Murgia da questa considerazione ironicamente si esprime presupponendo che le idee in Italia e le competenze le abbiamo solo i maschi stante il fatto che la presenza predominante nella vita lavorativa, televisiva, sociale è loro.
La scrittrice, al di là del tono ironico, spiega la mancanza di spazio delle donne di esprimersi: una donna può avere competenze e pure interessanti cose da dire ma se non le è dato spazio certamente non può manifestarle.
Tale spazio è cancellato dal fatto che la maggior parte delle volte viene convocato un uomo a conferire (sul lavoro, nelle trasmissione televisive, nei dibattiti politici ecc) e non una donna benché ferrata sul tema.

Altra questione degna di nota è esaminata nel capitolo “Era solo un complimento”.
Qui l’autrice racconta di uno spiacevole episodio accaduto alla scrittrice Silvia Avvalone, che durante il Premio Campiello venne chiamata sul palco per ricevere il premio per il suo libro Acciaio.
A consegnarlo fu Bruno Vespa. Il giornalista mentre il pubblico applaudiva la scrittrice che stava salendo sul palco chiese alla regia di inquadrare «lo spettacolare décolletté» della medesima. E non si riferiva alle scarpe.
Murgia evidenzia come un “complimento” del genere, in quel contesto, rappresenti un gesto sgradito – Vespa si giustificò adducendo la mancanza di senso dell’umorismo –.
Silvia Avvalone, pertanto, da ruolo di illustre scrittrice premiata per il suo importante lavoro diventa un oggetto sessuale perché indossa un vestito fine ed elegante adatto semplicemente alla situazione.

Il culmine del problema, per Murgia, è che «non è quanta pelle si veda del corpo di una donna ma quanto lo sguardo maschile sia formato culturalmente a sessualizzare ogni centimetro che ne sorge», e in modo inopportuno ma accettato da tantissimi.
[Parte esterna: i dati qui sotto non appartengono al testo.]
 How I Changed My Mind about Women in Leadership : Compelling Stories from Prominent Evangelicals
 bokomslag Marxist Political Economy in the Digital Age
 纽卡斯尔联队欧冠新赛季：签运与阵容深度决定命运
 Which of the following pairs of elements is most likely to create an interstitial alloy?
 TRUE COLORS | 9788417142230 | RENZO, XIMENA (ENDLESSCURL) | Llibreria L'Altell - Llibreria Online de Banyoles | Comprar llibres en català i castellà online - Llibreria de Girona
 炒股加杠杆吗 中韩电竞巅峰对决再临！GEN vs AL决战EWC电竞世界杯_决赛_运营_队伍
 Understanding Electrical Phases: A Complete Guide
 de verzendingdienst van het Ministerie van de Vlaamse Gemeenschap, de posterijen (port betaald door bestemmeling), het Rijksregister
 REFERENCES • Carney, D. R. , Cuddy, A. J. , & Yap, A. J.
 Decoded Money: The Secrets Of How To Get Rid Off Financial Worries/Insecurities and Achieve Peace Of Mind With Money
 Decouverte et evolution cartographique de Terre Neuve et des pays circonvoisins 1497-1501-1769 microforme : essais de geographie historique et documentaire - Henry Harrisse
L’autrice parla di una presunzione maschile errata del consenso della donne a essere sempre e comunque oggetto di desiderio, presupposto che la scrittrice vede come la radice di chi perpetra violenza sessuale o stupri.

Michela Murgia riesce, negli undici capitoli del libro, a spiegare come certe dinamiche espressive che per tutti sono accettabili e accettate siano in realtà il retaggio di una cultura patriarcale che sta alla base della mentalità delle persone, non solo uomini ma anche donne. 
Un linguaggio prettamente orientato al maschilismo che porta tante volte la donna ad avere come parametro la stessa mascolinità nei concetti, nei modi e nei nomi per definire ad esempio la propria eccellenza e non essere sminuita.

Stai zitta e altre nove frasi che non vogliamo piu sentire è un libro davvero importante per capire e comprendere quanto tutti noi, per prima chi scrive, siamo immersi fino al collo in una cultura patriarcale instillatici dal sistema sociale che può e deve essere sradicata.